Exercise data —
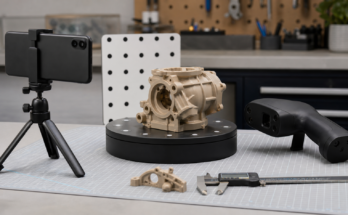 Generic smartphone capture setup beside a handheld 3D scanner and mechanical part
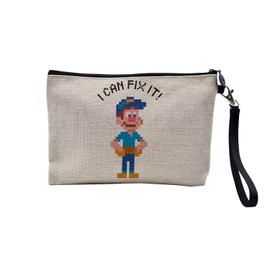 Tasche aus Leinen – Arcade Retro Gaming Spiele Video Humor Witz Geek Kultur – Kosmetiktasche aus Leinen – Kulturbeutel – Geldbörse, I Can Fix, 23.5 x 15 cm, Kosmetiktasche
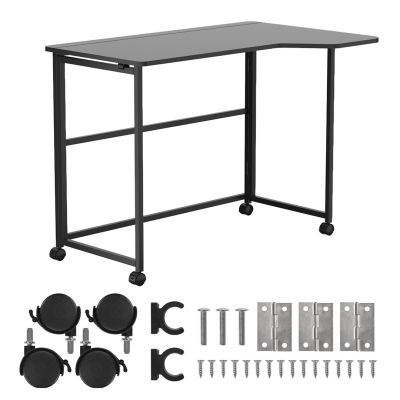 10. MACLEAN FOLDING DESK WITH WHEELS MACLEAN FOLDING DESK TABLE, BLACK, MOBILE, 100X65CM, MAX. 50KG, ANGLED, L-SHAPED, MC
==
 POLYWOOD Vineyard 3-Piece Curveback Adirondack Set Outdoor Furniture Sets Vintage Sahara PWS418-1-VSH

Activity —
Write down exactly what the lines above say, from the line holding "Tasche aus Leinen – Arcade" through the line holding "10. MACLEAN FOLDING", and nothing more. Do not copy the pictures.

Problem solution —
 Tasche aus Leinen – Arcade Retro Gaming Spiele Video Humor Witz Geek Kultur – Kosmetiktasche aus Leinen – Kulturbeutel – Geldbörse, I Can Fix, 23.5 x 15 cm, Kosmetiktasche
 10. MACLEAN FOLDING DESK WITH WHEELS MACLEAN FOLDING DESK TABLE, BLACK, MOBILE, 100X65CM, MAX. 50KG, ANGLED, L-SHAPED, MC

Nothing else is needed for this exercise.